TASK OBJECTIVE -
Could you copy, exactly as written, every line from the first line of the records through the one containing "简约可爱400ml汝窑带盖马克杯带过滤茶水分离泡茶杯陶瓷办公水杯"?

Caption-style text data
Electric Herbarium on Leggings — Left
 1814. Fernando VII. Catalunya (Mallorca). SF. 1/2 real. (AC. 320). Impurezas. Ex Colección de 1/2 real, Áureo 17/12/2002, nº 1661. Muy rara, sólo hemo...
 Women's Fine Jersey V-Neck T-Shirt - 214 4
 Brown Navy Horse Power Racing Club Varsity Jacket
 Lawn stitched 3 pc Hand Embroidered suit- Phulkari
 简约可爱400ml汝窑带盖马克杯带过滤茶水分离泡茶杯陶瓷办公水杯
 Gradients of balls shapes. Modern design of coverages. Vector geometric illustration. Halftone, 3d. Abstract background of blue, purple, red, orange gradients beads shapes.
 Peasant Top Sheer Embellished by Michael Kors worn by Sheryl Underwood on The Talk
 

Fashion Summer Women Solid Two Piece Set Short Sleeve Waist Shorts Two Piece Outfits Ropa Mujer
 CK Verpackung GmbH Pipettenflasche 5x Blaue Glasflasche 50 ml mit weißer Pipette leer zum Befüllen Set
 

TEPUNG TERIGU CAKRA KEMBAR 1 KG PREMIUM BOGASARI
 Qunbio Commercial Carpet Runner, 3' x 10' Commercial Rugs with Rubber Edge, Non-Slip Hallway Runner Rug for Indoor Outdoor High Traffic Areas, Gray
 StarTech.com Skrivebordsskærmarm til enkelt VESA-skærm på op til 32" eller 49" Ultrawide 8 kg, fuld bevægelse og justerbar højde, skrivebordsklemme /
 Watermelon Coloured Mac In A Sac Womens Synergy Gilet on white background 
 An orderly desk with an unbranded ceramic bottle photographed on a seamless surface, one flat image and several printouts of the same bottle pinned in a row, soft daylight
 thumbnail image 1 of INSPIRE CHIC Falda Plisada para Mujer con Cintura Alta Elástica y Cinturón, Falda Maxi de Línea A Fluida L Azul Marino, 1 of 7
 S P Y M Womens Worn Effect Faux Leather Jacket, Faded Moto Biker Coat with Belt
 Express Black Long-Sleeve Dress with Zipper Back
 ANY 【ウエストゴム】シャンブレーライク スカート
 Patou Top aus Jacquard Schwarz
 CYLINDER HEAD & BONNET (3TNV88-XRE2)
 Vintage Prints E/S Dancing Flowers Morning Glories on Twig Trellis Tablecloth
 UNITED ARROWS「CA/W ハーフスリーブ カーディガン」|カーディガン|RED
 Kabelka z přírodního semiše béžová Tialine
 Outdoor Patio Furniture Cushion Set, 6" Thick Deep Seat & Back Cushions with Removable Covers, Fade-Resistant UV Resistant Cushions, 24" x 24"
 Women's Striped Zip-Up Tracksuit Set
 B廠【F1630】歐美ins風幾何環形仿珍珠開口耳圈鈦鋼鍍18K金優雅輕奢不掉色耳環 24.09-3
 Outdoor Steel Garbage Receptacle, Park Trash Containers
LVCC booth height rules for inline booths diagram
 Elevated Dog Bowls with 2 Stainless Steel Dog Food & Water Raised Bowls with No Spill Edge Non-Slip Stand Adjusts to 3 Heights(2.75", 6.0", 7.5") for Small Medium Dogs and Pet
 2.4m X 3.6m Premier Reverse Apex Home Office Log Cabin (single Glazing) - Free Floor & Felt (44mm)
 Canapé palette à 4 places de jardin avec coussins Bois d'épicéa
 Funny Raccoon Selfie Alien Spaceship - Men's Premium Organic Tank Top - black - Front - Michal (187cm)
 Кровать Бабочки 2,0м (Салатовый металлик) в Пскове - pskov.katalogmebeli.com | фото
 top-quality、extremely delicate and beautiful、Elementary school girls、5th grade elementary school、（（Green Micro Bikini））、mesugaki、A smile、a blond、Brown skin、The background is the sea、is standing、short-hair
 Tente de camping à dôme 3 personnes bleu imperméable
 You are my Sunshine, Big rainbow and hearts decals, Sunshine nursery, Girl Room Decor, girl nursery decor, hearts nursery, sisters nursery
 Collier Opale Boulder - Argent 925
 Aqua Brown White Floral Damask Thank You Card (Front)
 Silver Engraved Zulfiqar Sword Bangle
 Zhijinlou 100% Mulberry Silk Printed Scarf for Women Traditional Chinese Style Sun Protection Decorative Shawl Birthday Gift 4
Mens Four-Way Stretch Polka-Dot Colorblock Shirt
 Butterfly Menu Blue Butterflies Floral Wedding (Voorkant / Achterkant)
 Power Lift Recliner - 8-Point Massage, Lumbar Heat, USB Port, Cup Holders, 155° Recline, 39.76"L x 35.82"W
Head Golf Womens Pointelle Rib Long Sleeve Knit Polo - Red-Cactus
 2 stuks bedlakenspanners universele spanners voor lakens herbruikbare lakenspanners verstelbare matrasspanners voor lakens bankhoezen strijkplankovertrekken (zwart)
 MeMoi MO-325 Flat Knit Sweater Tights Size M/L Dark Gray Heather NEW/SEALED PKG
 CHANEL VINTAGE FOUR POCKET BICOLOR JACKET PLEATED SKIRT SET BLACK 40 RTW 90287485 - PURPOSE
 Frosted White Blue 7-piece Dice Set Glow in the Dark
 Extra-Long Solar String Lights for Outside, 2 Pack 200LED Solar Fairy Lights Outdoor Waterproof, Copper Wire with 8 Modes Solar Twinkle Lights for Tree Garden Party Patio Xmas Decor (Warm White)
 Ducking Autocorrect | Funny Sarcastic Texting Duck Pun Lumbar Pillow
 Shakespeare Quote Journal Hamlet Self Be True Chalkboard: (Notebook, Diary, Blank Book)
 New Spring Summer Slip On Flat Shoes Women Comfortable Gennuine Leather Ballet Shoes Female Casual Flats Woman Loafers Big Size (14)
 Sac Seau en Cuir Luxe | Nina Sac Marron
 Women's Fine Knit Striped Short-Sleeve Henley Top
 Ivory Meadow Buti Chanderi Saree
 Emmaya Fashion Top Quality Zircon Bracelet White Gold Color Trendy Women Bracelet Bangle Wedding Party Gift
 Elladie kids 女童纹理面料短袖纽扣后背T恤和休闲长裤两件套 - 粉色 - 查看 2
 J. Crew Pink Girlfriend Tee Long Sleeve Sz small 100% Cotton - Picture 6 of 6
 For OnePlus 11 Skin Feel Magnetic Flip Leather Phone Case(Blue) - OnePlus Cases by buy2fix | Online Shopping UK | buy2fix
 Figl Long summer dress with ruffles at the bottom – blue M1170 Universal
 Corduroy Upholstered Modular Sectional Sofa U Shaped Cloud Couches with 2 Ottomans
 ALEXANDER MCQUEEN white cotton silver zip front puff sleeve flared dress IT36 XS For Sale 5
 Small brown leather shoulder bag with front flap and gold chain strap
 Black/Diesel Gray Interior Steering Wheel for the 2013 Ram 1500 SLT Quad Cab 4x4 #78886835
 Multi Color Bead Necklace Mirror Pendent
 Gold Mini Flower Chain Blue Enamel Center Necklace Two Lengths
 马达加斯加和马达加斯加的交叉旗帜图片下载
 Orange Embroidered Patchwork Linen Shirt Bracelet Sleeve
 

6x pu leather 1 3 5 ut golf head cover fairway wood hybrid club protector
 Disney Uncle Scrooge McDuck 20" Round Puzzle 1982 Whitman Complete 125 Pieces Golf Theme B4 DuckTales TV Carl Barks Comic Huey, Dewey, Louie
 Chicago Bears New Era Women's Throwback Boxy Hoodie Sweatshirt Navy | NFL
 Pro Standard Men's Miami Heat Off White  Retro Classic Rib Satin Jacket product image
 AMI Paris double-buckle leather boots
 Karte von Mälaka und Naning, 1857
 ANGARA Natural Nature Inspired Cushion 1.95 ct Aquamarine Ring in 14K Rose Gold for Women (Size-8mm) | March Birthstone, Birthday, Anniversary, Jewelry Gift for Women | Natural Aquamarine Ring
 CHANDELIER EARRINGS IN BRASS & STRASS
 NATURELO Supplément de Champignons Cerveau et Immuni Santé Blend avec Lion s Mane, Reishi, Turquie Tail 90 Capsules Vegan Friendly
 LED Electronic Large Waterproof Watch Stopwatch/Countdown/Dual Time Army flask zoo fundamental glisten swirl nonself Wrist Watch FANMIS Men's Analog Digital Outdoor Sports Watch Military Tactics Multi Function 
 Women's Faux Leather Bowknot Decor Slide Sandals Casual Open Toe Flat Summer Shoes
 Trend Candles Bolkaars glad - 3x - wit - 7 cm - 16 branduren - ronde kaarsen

EXPECTED OUTPUT -
Electric Herbarium on Leggings — Left
 1814. Fernando VII. Catalunya (Mallorca). SF. 1/2 real. (AC. 320). Impurezas. Ex Colección de 1/2 real, Áureo 17/12/2002, nº 1661. Muy rara, sólo hemo...
 Women's Fine Jersey V-Neck T-Shirt - 214 4
 Brown Navy Horse Power Racing Club Varsity Jacket
 Lawn stitched 3 pc Hand Embroidered suit- Phulkari
 简约可爱400ml汝窑带盖马克杯带过滤茶水分离泡茶杯陶瓷办公水杯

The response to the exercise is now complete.